The gut microbiota plays a crucial role in human health and disease with a key influence on the development and maintenance of immune homeostasis of the host [28]. The gut microbiota is shaped by several environmental factors, including diet, infectious agents, parasitic infection and antibiotic treatment. The composition of the microbiome varies among individuals, but it is possible to identify some sources of variation [1, 3].

The intestinal microbiota belong to nine types, the most numerous of which are Firmicutes and Bacteroidetes [29]. Apart from bacteria, the composition of microbiota also includes yeasts, viruses and archaea [23]. As a result of dysbiosis, there is abnormal activation of PRRs and the production of cytokines (IFN-γ, IL-18, IL-22) [1]. This condition is associated with many diseases, especially those related to the digestive system and the immune system [29]. Microbiome perturbations have been associated with autoimmune-mediated diseases such as asthma, atopic dermatitis, and multiple sclerosis [30]. In addition, the immunoregulatory effect of the physiological intestinal microbiota on the host cells is realized primarily through the structural components of bacteria cells and with the use of their metabolites [27, 31]. The immune system is educated through inflammatory factors, such as LPS and lipoteichoic acid (LTA), secreted by Gram-negative and Gram-positive bacteria, respectively.
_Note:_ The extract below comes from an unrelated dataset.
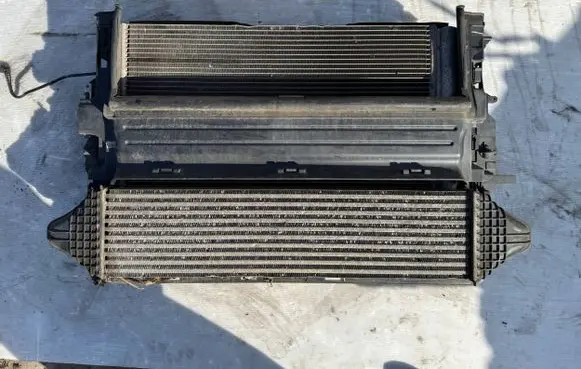 Volvo V40 Radiator set 31368504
It causes, inter alia, the stimulation of peripheral regulatory T lymphocytes partly dependent on the T-cell receptor (TCR) [9].
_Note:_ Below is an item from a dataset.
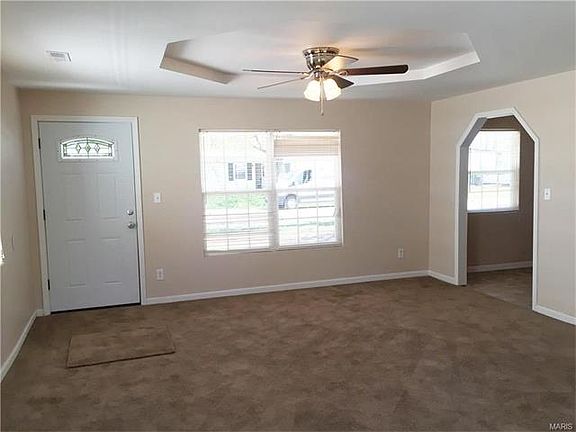 3rd image of 4537 Walter Ave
The human gut microbiota and the skin microbiota are among the most studied to date [9, 32, 33]. Some research indicates that intestinal microbiota dysbiosis may play a key role in the development of psoriatic disease due to an aberrant inflammatory response that can be connected with the skin [9]. Relative changes in the gut microbiome of patients with PsO of the skin as well as patients with psoriatic arthritis (PA), compared to healthy people, have been reported [9, 33].

Patients with PsO and PA have a significant decrease in microbial gut diversity [28, 33]. Patients with PsO have microbiota characterized by a reduction in Bacteroides and Proteobacteria, and increased proportions of Actinobacteria and Firmicutes [25, 31, 32], whereas PA patients showed a reduced number of bacteria from Akkermansia spp., Ruminococcus spp. and Pseudobutyrivibrio spp. compared with healthy controls [34]. Interestingly, other research indicates the opposite results. According to Codońer et al. the psoriatic microbiome was characterized by an increased presence of Faecalibacterium spp. and a decrease of Bacteroides spp. [35] Bacteroides are known to play an immunomodulatory role in the gut through the production of polysaccharide A, which activates regulatory T cells [9]. Additionally, the prevalence of Actinobacteria was negatively correlated with PsO area and severity index (PASI). Also, the increase in the Firmicutes to Bacteroidetes ratio in PsO subjects was positively correlated with PASI [28, 36]. Several studies have shown that high proportions of Firmicutes, like Bacteroidetes, affect carbohydrate metabolism. These bacteria increase the production of acetates, at the same time reducing the production of butyrate, medium and short chain fatty acids (SCFA). Reducing the production of SCFA can cause inflammation and weaken the intestinal epithelial barrier. The integrity of the gut epithelial barrier directly affects the process of antigen presentation and is responsible for maintaining the immune balance. The weakening of the gut epithelial barrier affects both local and systemic immune responses [27]. The conflicting results could possibly be due to differences in the applied research methods and/or patient demographics.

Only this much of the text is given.